[[ TASK INPUT, beginning ]]

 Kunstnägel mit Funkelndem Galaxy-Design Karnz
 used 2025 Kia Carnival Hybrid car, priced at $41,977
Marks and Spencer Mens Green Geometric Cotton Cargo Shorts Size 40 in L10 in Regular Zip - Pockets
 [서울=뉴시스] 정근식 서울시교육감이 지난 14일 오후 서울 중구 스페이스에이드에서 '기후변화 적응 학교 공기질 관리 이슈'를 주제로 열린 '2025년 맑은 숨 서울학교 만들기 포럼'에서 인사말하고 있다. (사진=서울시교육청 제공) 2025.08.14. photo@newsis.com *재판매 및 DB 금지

[[ TASK INPUT, end ]]
[[ TASK INPUT, beginning ]]

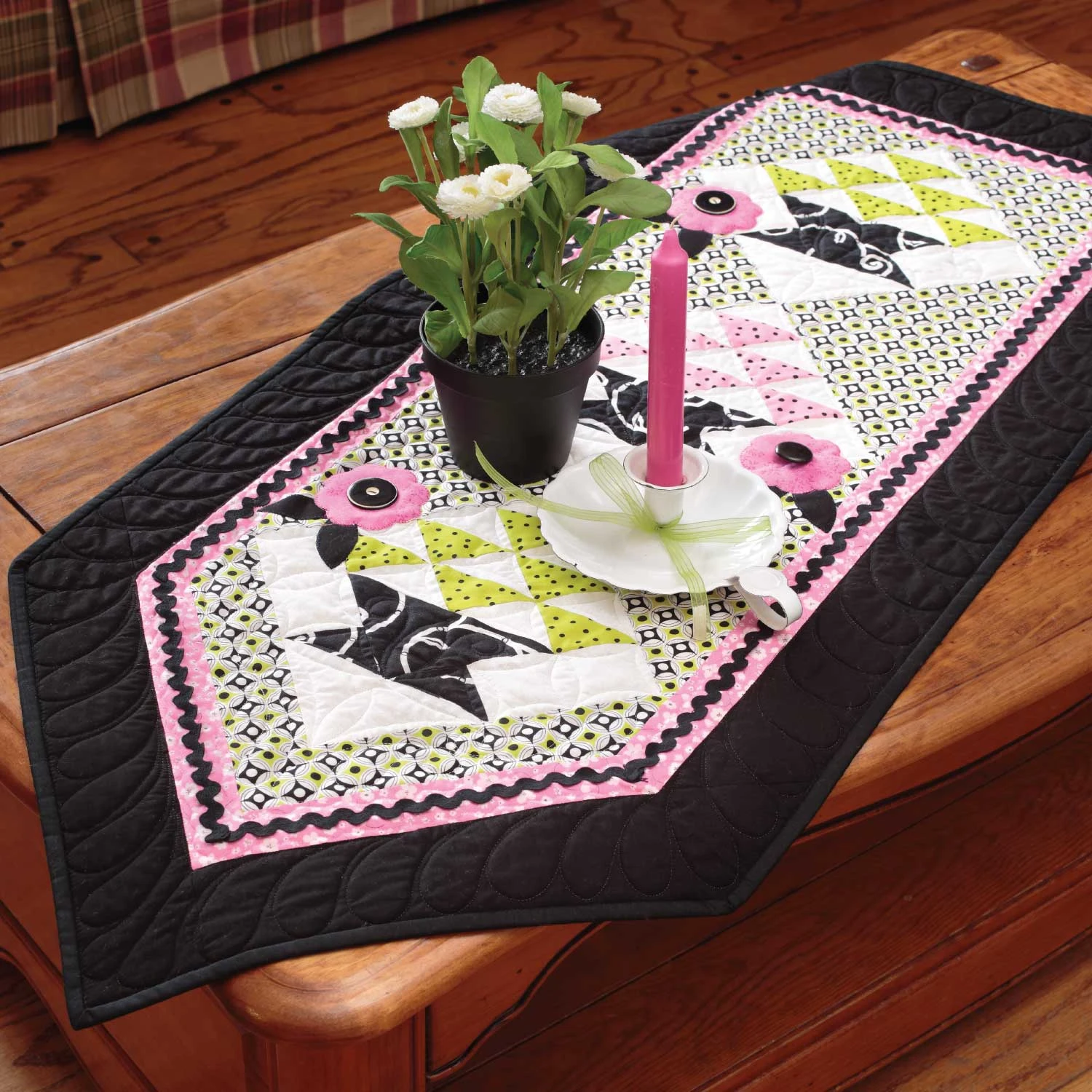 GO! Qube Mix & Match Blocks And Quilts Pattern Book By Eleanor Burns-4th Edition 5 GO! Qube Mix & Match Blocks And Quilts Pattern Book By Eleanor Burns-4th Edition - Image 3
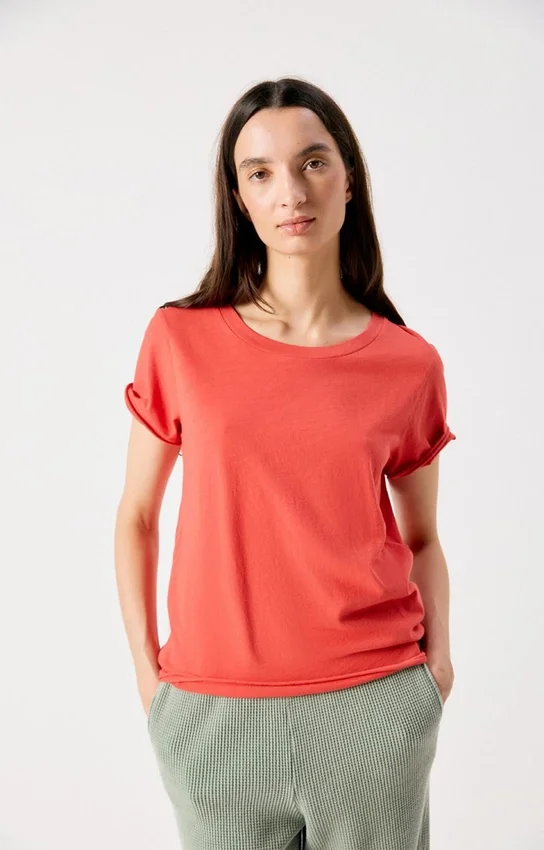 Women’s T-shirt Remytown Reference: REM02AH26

[[ TASK INPUT, end ]]
[[ TASK INPUT, beginning ]]

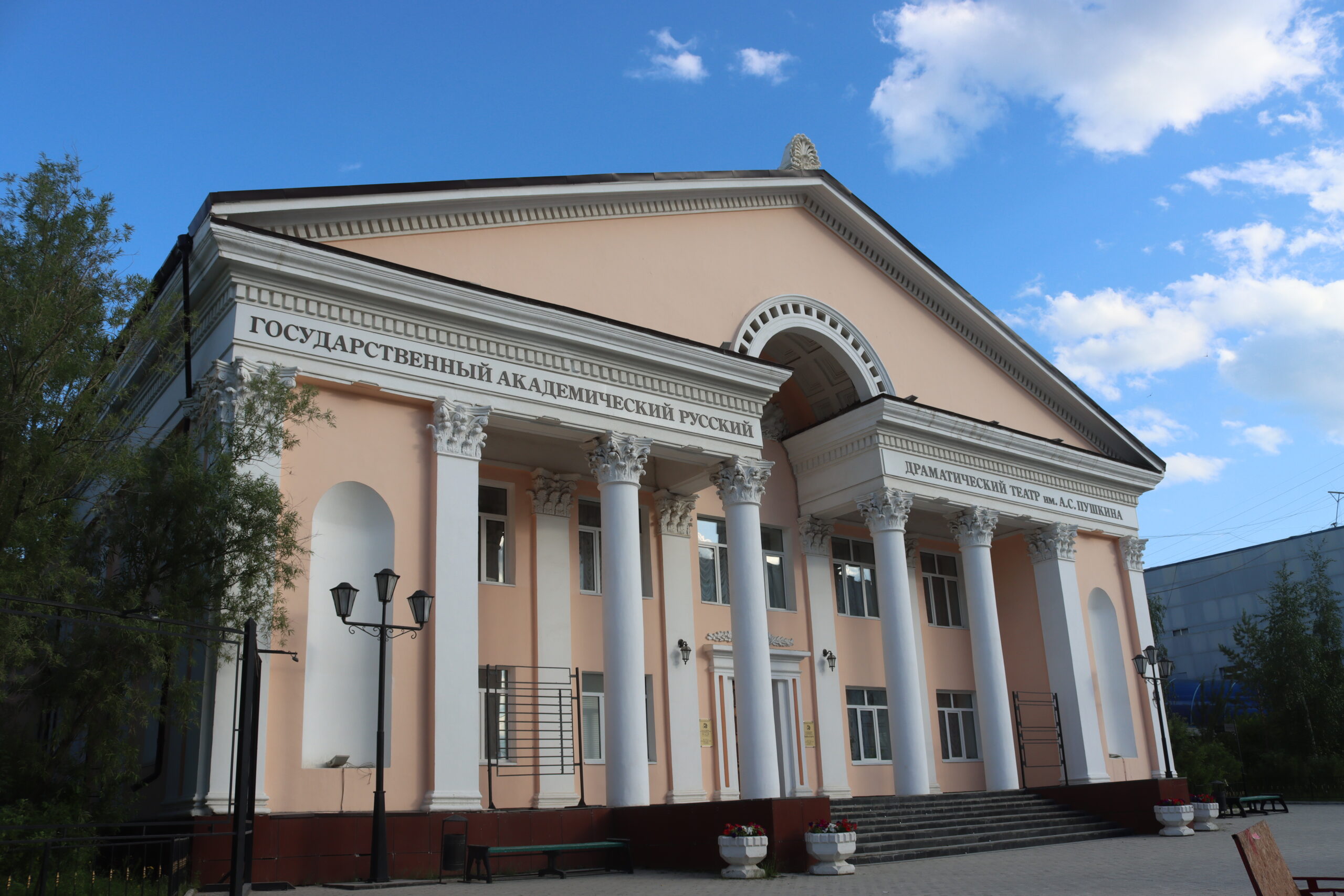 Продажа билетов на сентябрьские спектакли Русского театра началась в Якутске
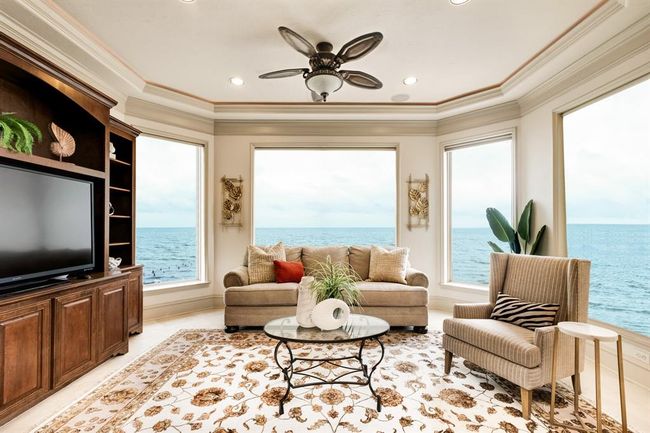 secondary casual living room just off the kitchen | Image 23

[[ TASK INPUT, end ]]

= TASK REQUIREMENTS =
Your copy should hold only the lines above from the one containing "Продажа билетов на" through the one containing "secondary casual living", exactly as written and free of pictures.

= EXERCISE SOLUTION =
 Продажа билетов на сентябрьские спектакли Русского театра началась в Якутске
 secondary casual living room just off the kitchen | Image 23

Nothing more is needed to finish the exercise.